There has been a lot of chatter lately about big ideas. From Google’s “Moon Shots” to Elon Musk’s Hyperloop, entrepreneurial innovators are challenging themselves and the market to think big. This has not always been the sole province of the entrepreneur. I had the privilege of working in Bell Labs for a couple of years when the scientists and engineers there were working on technology that was ten times as powerful as what was currently in the market. They were unconstrained in their pursuit of ideas.
Big ideas serve an important purpose. They cause us to think about problems differently. The image above is of a proposed subway system for Austin, TX. Anyone who has sat in traffic in this city will immediately get the appeal of this concept. Will it happen? Maybe not, but the proposal represents a big idea that will impact the dialog and define the range of what is possible.
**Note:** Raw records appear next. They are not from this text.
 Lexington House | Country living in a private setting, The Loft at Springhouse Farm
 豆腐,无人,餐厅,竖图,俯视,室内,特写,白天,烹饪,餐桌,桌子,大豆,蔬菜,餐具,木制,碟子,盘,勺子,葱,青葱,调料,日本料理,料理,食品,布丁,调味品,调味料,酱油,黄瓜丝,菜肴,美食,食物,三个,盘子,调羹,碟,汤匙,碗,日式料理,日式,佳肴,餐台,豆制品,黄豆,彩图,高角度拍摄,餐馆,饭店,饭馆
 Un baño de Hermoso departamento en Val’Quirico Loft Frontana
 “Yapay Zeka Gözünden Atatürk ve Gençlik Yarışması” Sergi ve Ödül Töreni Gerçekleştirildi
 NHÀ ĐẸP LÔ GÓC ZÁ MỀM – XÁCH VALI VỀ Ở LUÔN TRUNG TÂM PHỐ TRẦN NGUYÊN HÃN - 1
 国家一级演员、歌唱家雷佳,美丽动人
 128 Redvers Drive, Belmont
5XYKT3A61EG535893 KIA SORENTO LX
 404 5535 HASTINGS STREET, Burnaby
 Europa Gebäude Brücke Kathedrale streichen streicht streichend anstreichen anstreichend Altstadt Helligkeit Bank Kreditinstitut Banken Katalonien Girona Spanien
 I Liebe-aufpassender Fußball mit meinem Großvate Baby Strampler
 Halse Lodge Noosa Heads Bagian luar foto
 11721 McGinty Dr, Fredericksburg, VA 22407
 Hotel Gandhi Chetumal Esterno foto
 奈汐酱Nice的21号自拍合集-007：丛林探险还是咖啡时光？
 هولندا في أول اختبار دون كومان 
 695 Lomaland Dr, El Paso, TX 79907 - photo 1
Since the mid-1980s, the share of total R&D dollars in the United States spent by large corporations has fallen from over 70% to under 40%. This shift has paralleled the rise of the venture capital industry as small company spending share has grown five-fold. It is time for our large, established enterprises to get back in the big idea game.
This is one of the roles of the Chief Innovation Officer; to sponsor and nurture breakthrough innovation initiatives. Ideas that are ten percent better may have a place in our investment portfolio, but we need some crazy stuff in there as well if we are to achieve substantial growth from innovation.
The challenges facing society are enormous and our largest corporations have the resources to solve big problems. What they need is someone to push for big ideas and then provide air cover for the time and investment required to accomplish breakthrough solutions. This takes both courage and brains – two qualities of the ideal Chief Innovation Officer.
What’s your big idea?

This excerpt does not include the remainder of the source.